# Prompt:
Every line from the one holding "Geologie-steinjagd Achat-jäger-steinsammeln - Unisex" through the one holding "Y2K Fairy Grunge" in the data below must be returned exactly, both ends included, with pictures left out and nothing else added.

# Working data:
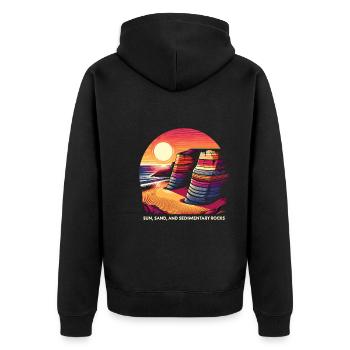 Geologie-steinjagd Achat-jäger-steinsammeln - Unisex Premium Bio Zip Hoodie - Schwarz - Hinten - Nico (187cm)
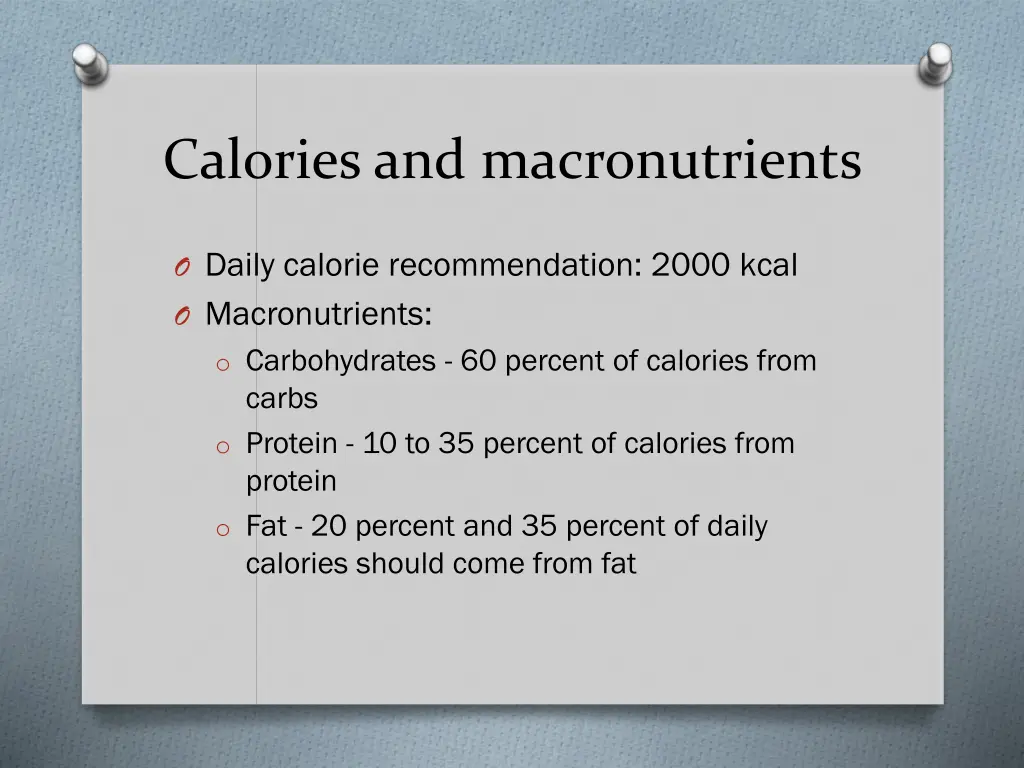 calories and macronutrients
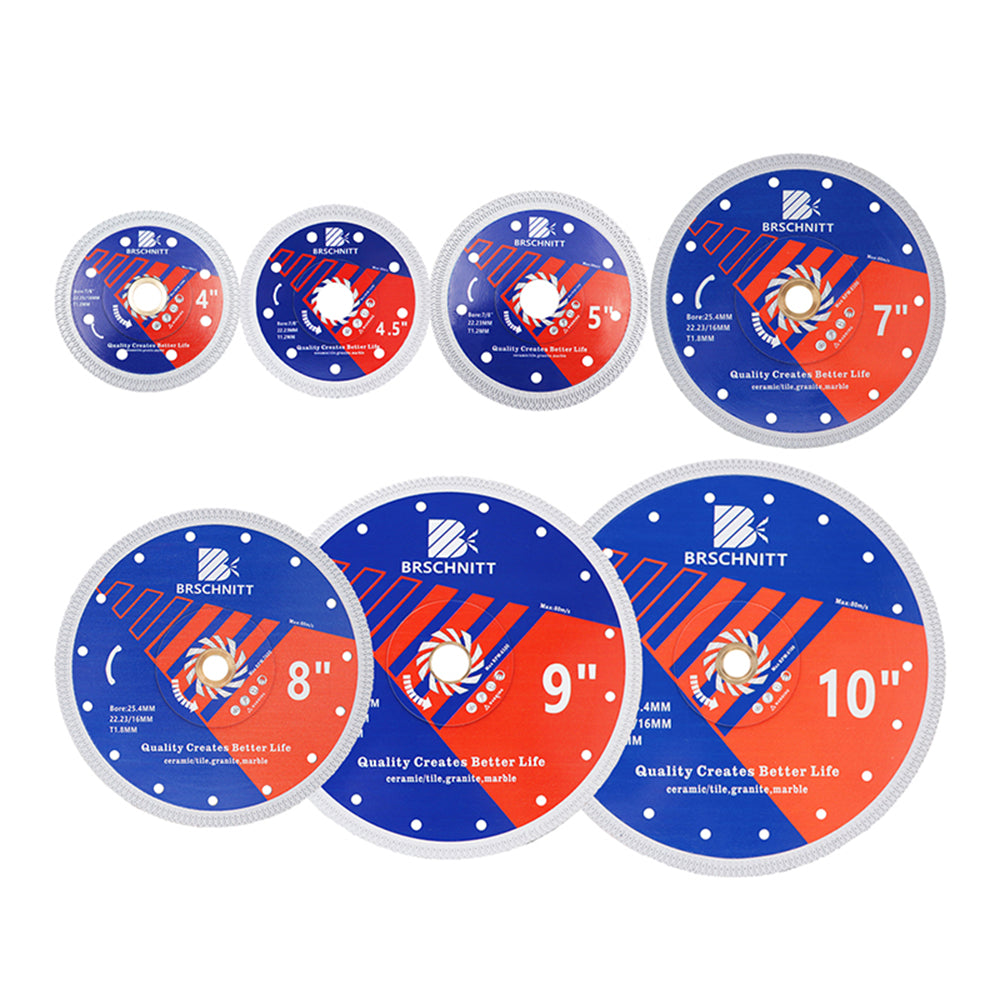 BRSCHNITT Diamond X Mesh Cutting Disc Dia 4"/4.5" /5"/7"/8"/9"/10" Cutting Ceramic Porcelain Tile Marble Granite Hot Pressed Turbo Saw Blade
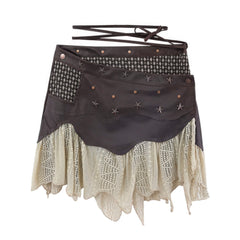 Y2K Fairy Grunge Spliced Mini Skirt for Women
==
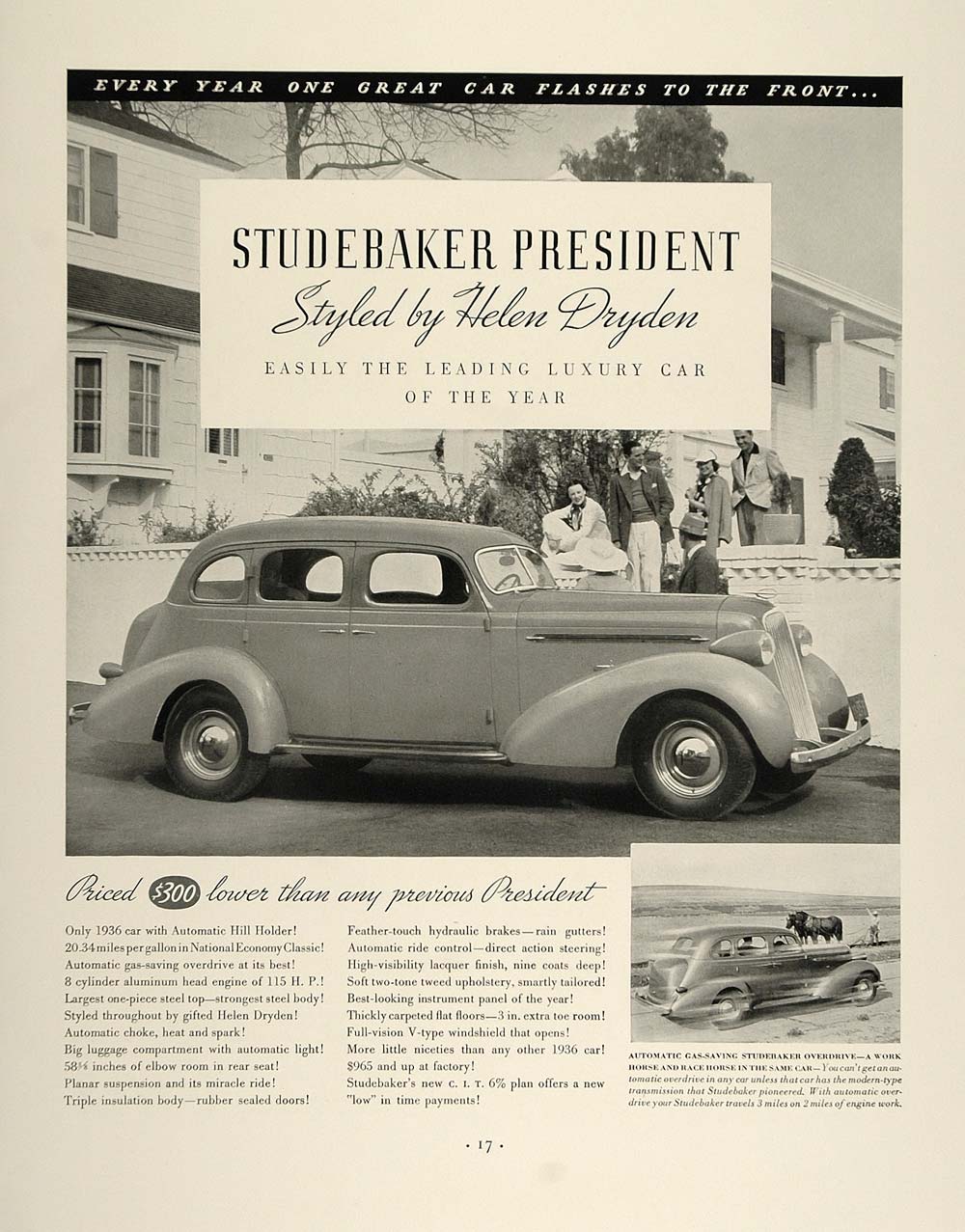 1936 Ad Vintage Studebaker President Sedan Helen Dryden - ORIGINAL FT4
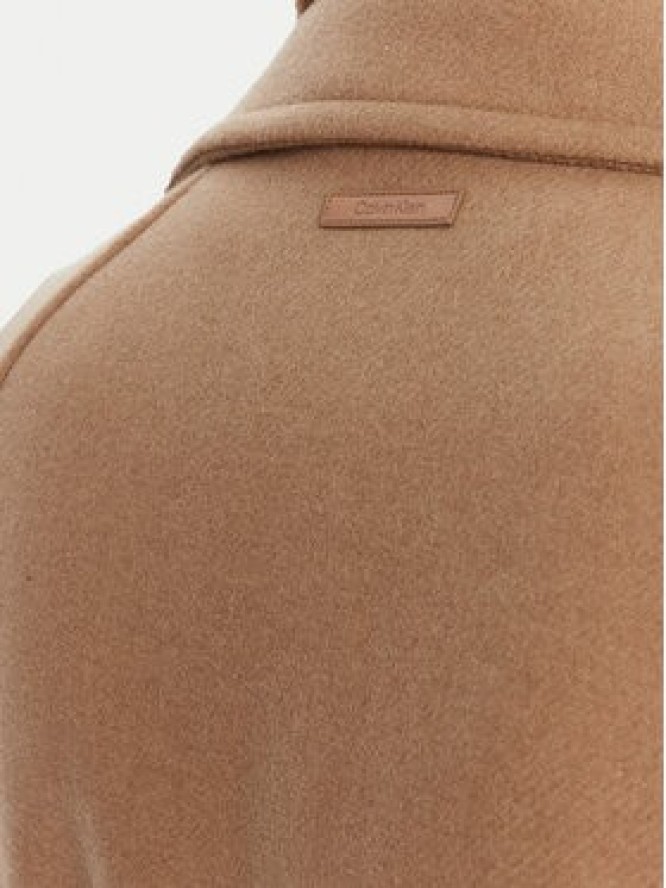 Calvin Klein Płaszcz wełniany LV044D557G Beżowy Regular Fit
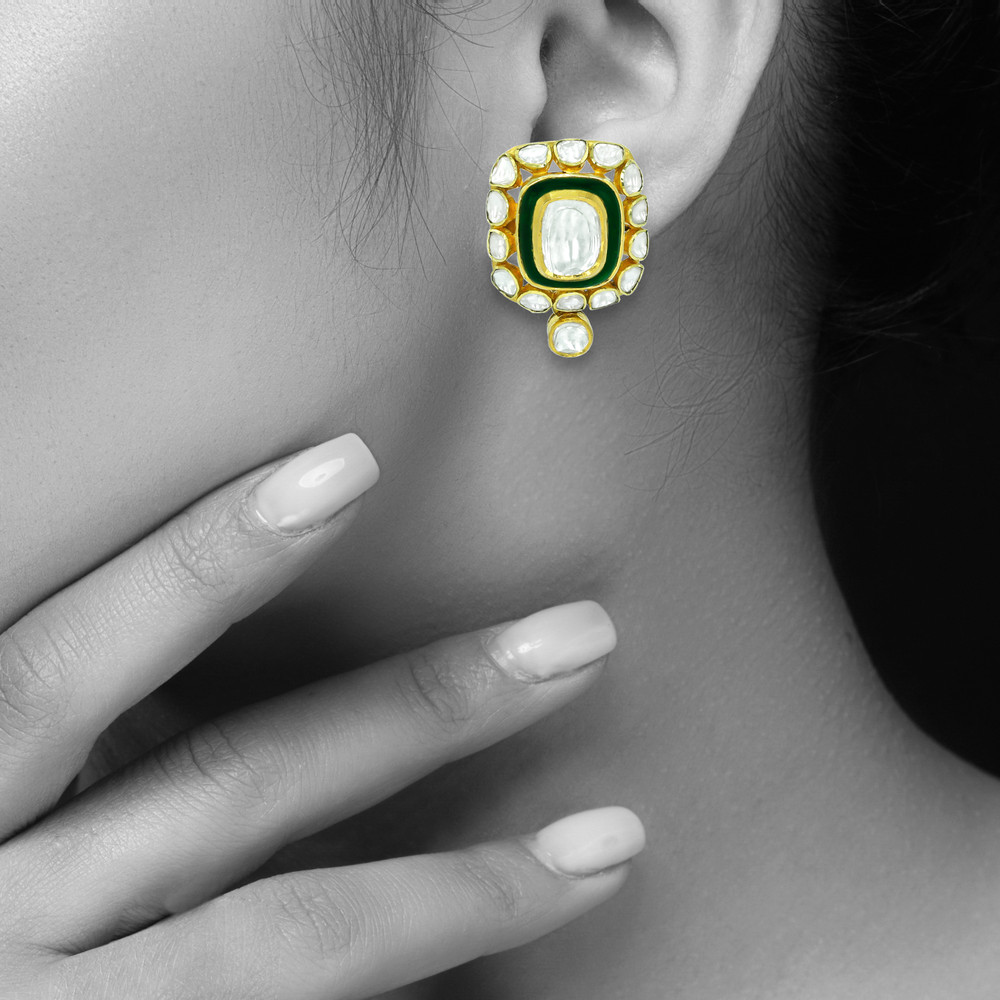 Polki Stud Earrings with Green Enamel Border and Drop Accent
* * *
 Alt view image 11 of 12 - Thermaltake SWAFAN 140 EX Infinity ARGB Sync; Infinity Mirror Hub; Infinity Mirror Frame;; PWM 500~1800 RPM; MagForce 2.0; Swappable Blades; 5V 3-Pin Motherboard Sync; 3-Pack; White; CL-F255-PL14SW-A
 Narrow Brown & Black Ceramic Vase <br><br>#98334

# Exercise solution:
 Geologie-steinjagd Achat-jäger-steinsammeln - Unisex Premium Bio Zip Hoodie - Schwarz - Hinten - Nico (187cm)
 calories and macronutrients
 BRSCHNITT Diamond X Mesh Cutting Disc Dia 4"/4.5" /5"/7"/8"/9"/10" Cutting Ceramic Porcelain Tile Marble Granite Hot Pressed Turbo Saw Blade
 Y2K Fairy Grunge Spliced Mini Skirt for Women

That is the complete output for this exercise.